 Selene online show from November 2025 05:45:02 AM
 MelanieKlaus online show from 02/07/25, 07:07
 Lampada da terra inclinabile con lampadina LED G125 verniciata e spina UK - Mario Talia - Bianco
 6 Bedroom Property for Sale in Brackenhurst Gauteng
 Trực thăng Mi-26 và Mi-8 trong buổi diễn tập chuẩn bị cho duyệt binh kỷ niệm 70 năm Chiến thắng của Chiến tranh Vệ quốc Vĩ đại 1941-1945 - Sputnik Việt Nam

* * *

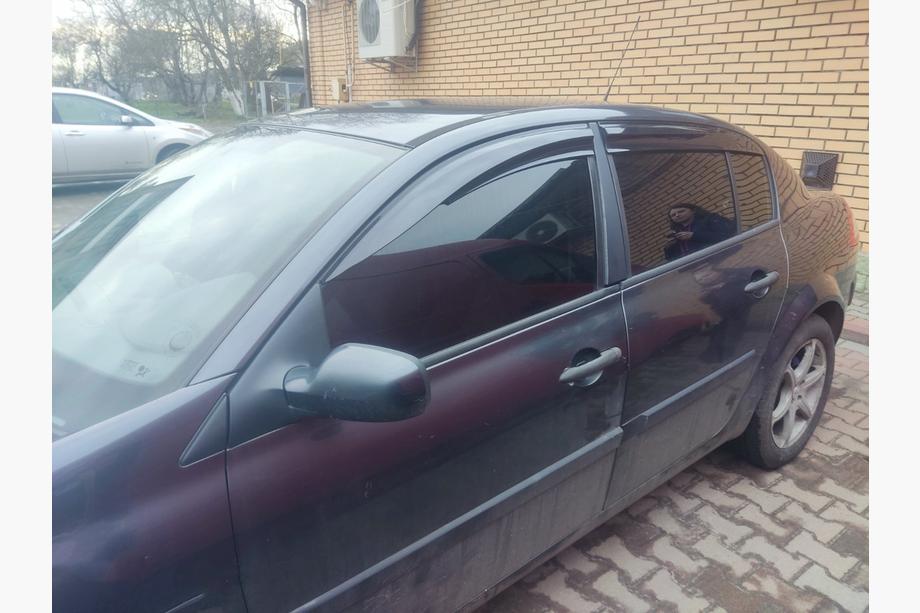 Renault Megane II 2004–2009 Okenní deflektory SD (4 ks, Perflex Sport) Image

--

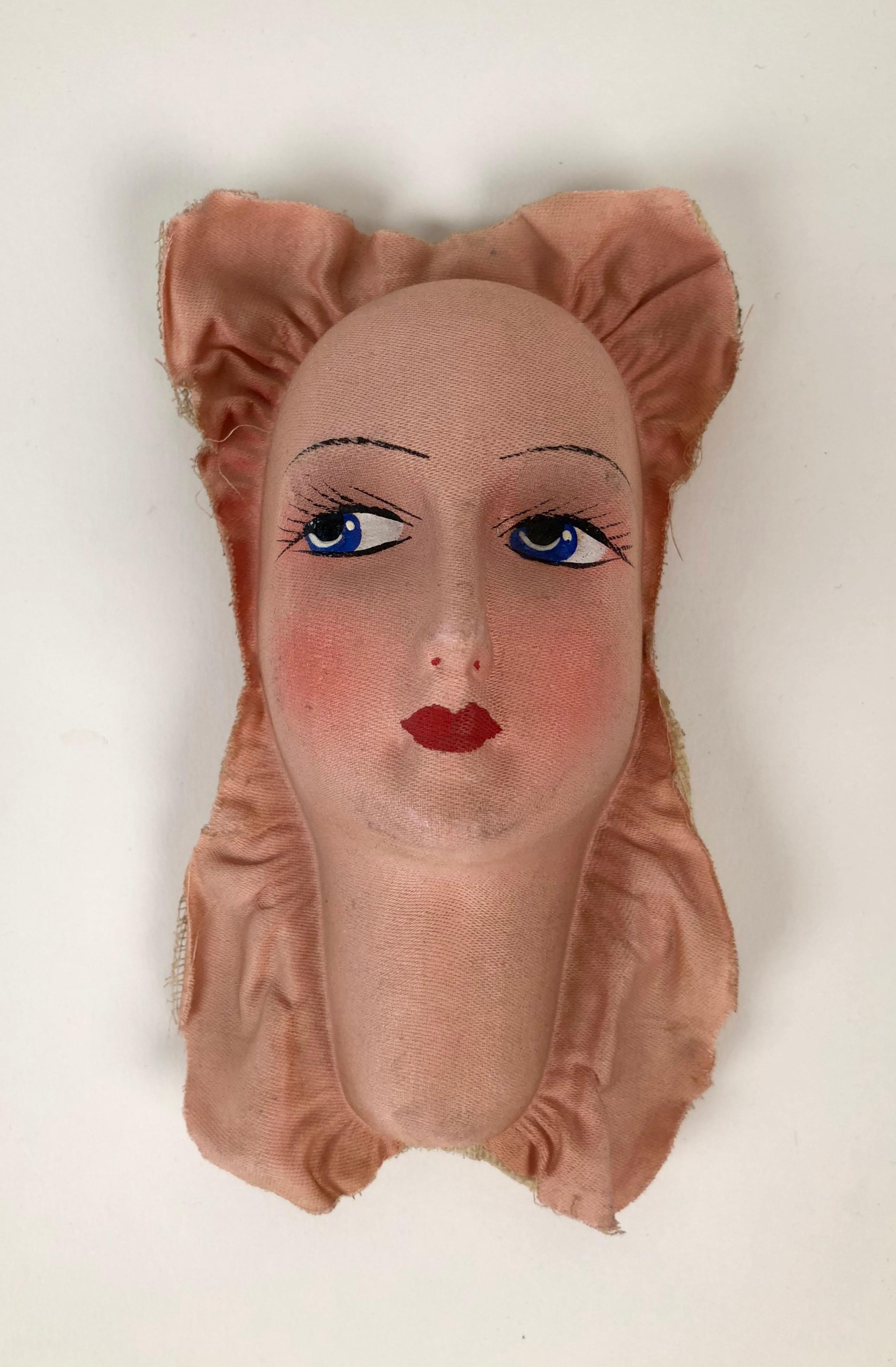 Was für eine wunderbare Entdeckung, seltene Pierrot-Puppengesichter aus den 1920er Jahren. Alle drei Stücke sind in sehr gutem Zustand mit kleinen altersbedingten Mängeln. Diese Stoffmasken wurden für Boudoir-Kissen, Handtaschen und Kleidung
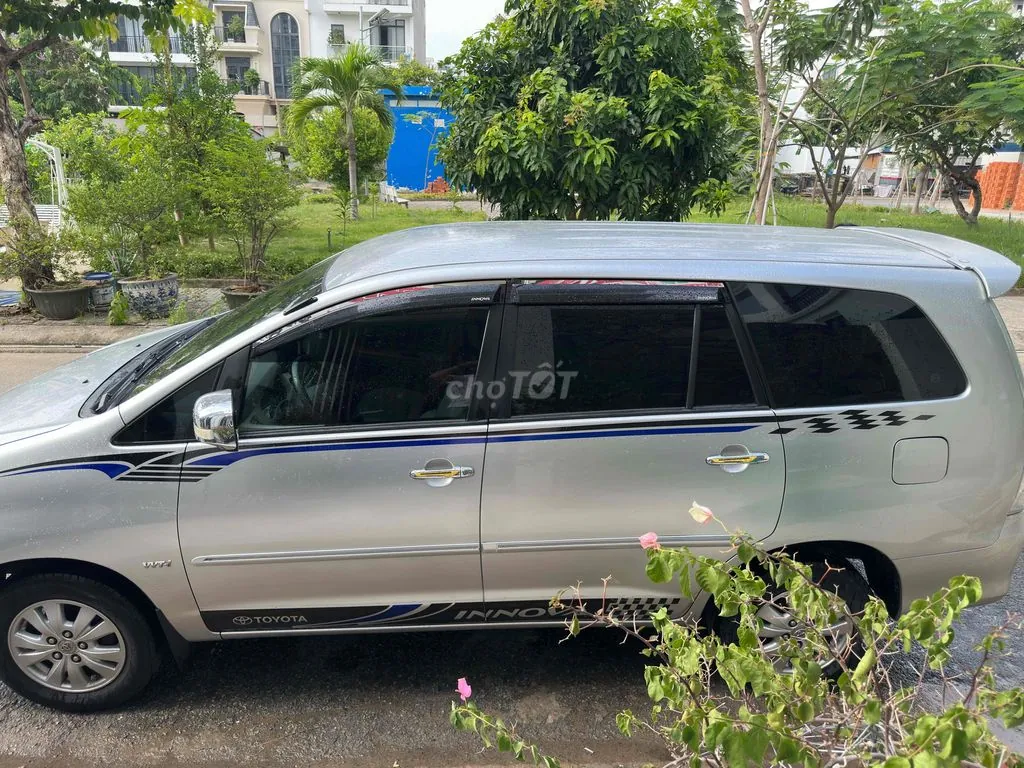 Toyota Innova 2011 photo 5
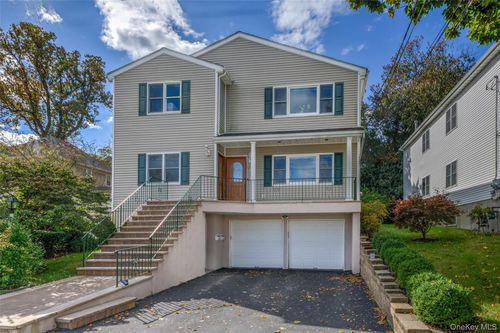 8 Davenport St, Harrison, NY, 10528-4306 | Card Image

# [Work item]
Reading through the material above, work out how many lines include "online", then state that number alone.

# [Result below]
2